Johnson ist die Mensch gewordene Brüskierung der etablierten politischen Klasse Europas. Ein größerer Gegensatz als zu Deutschlands Kanzlerin Angela Merkel ist kaum denkbar.

Jeff J Mitchell/Getty Images

Schon wieder ein Land, das von einem Enfant terrible regiert wird. Und nicht irgendein kleines Land, dem man leichtfertig ein Demokratiedefizit attestieren kann. Sondern das Land, das die parlamentarische Demokratie erfunden hat: Großbritannien.

Sind die Briten verrückt geworden?
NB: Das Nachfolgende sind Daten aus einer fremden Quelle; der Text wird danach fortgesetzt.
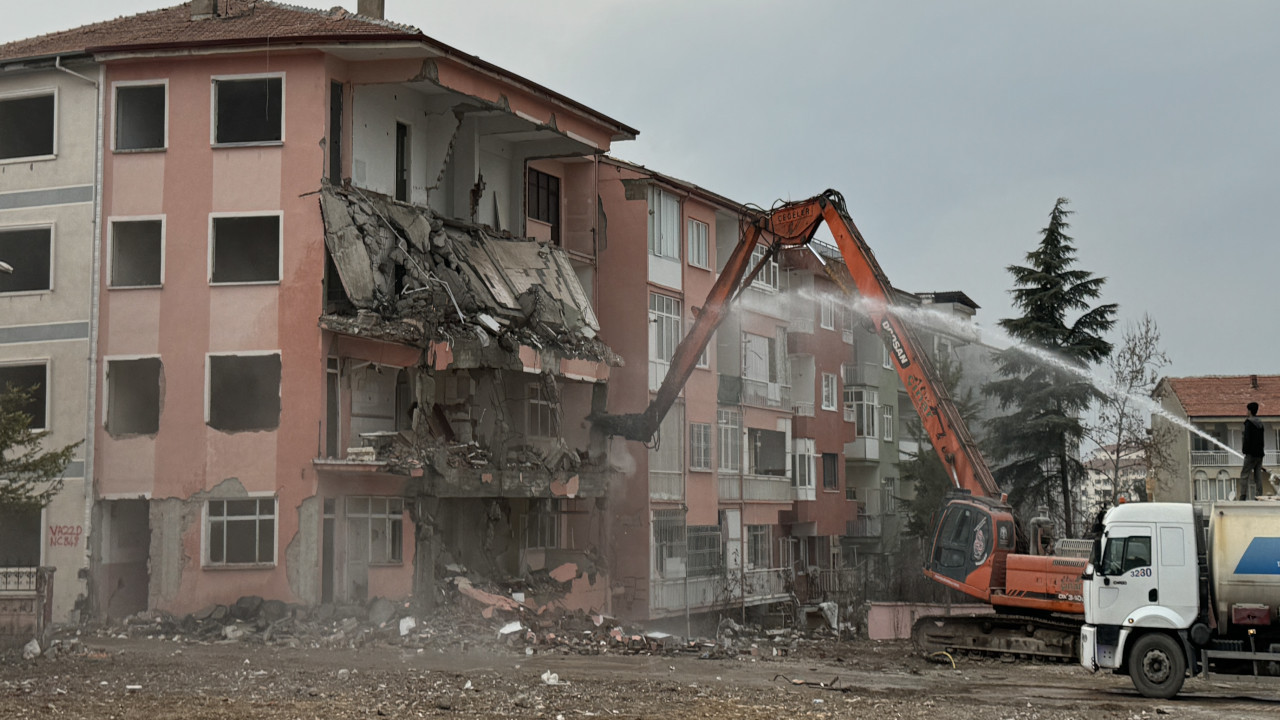 Malatya'da hasarlı binaların yıkımına devam ediliyor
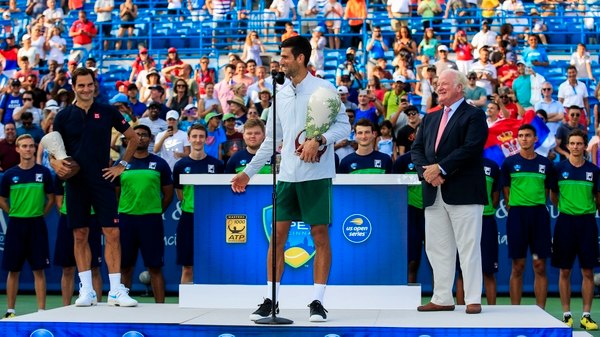Novak Djokovic posa con el trofeo de campeón del Masters 1000 de Cincinnati que conquistó tras vencer en la final al suizo Roger Federer (EFE)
Der „Spiegel“ scheint dieser Ansicht zu sein. Das Magazin stellte den neuen britischen Premier Boris Johnson bezeichnenderweise auf seinem Titelbild wie Alfred E. Neumann dar, das Maskottchen der Witz-Zeitschrift „Mad“. Und zur scheinbaren Bestätigung, dass es sich um einen Verrückten handelt, lässt Spiegel-TV einen x-beliebigen Engländer aus Johnsons Wahlkreis Uxbridge in die Kamera sagen: „He’s a clown“. Eine weitere Passantin sagt, der „Idiot“ solle als Komödiant auftreten „gemeinsam mit Donald Trump“.
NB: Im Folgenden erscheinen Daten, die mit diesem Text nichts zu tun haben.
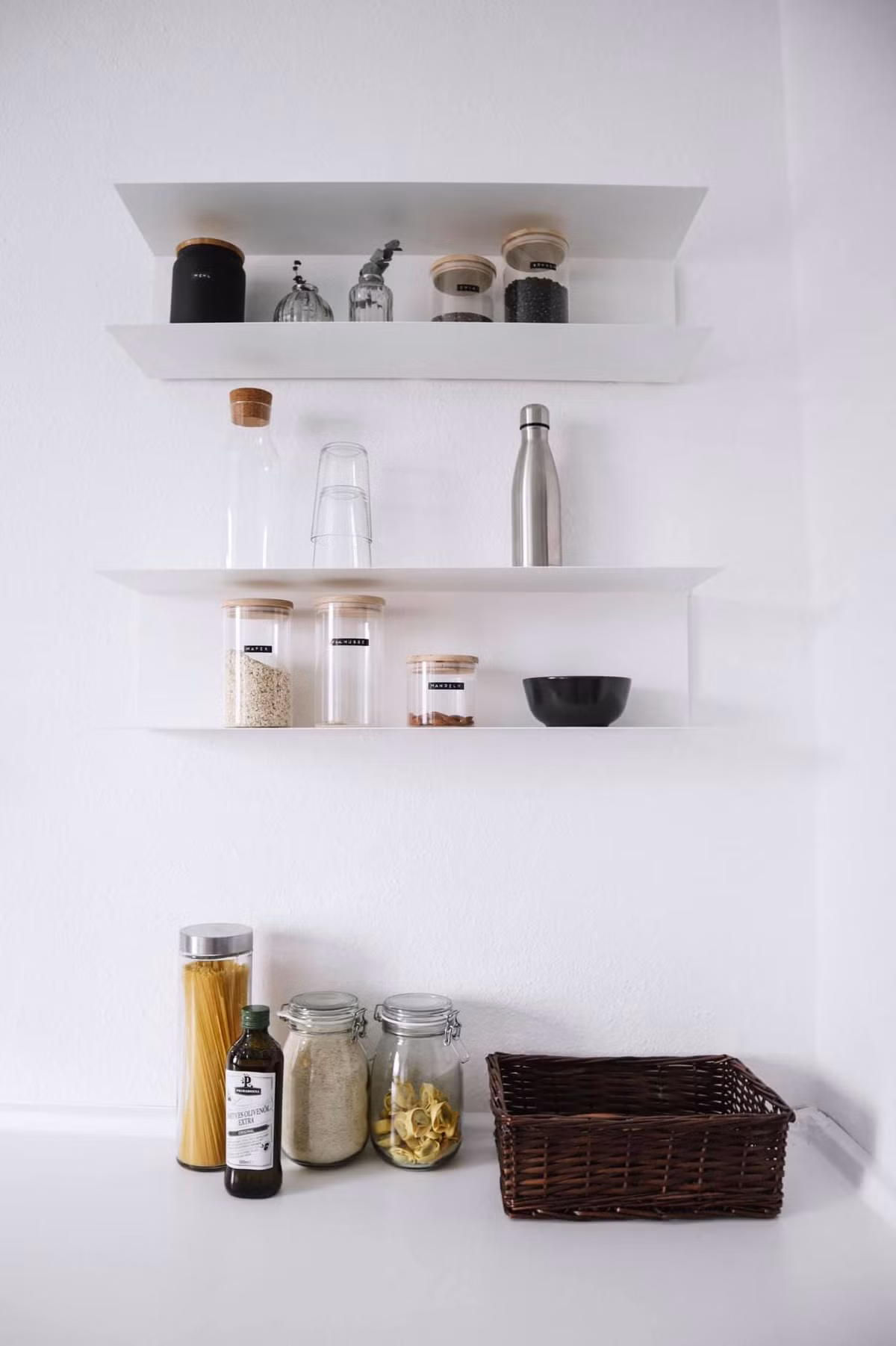 Nha bep don gian nhung tinh te cua chang trai Viet o Duc-Hinh-8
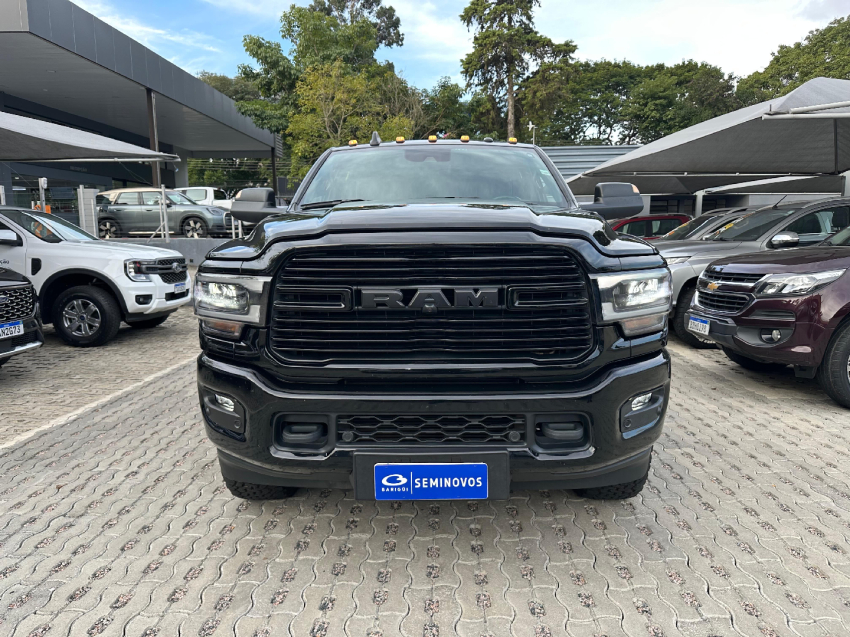 3500 laramie 4x4 6.7 v6 at6 2022/2022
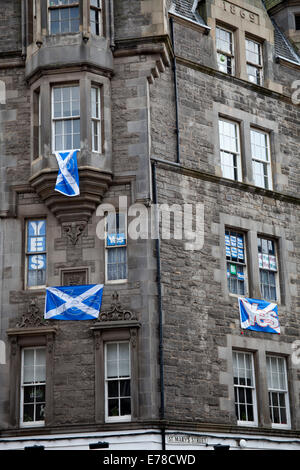 Edinburgh, Scotland, 9th Sept. 2014. Scottish Referendum posters visible on residential walls and in windows of the capital city over the last two days days show in most cases that the Yes case is much bolder and bigger than the smaller seemingly timid posters from the No camp, apart from the two female students who reside in the same flat in Marchmont, who disagree on their allegiance. Credit:  Arch White/Alamy Live News Stock Photo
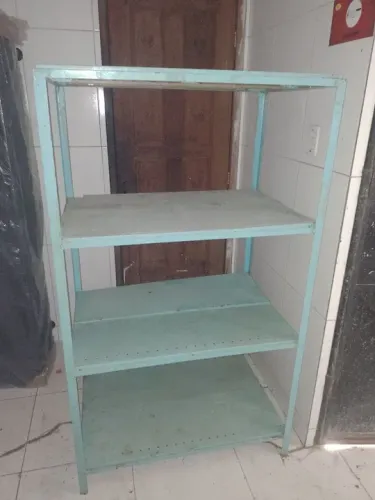 Estante e platileira 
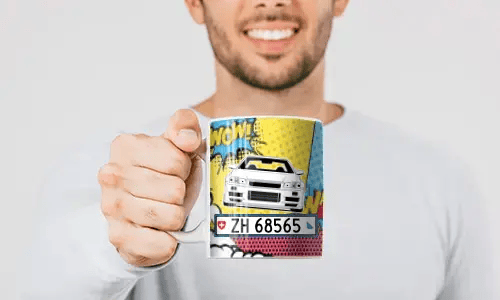 2 auto comic in the men's hand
"We're gonna get Brexit done!"
Boris Johnson oder schon wieder ein Land, das nicht wählt, wie Berlin will
Repräsentativ ist das mit Sicherheit nicht – schließlich hat die Mehrheit der Bürger von Uxbridge diesen Johnson gewählt. Sonst säße er nicht als ihr Repräsentant im Unterhaus von Westminster. Müssten nicht eigentlich auch angesprochene Passanten dabei gewesen sein, die Johnson gut finden? Sich gar bekannten, ihn bei der letzten Unterhauswahl gewählt zu haben? Vielleicht möchte man den deutschen Zuschauern auch Hoffnung machen: Seht her, es gibt doch vernünftige Briten, die so denken wie wir vom Spiegel. Repräsentativ ist der Spiegel-TV-Beitrag wohl vielmehr für die Vorstellungen, die die politisch-mediale Klasse in den Redaktionsräumen zwischen Brüsseler Berlaymont und Berlin-Mitte davon hat, wie ein guter demokratischer Regierungspolitiker zu sein habe. Immerhin gegen Ende des Beitrags kommt ein Bürger zu Wort, der ganz neutral darauf hinweist, dass Johnson mehr „Lovers“ als „Haters“ habe.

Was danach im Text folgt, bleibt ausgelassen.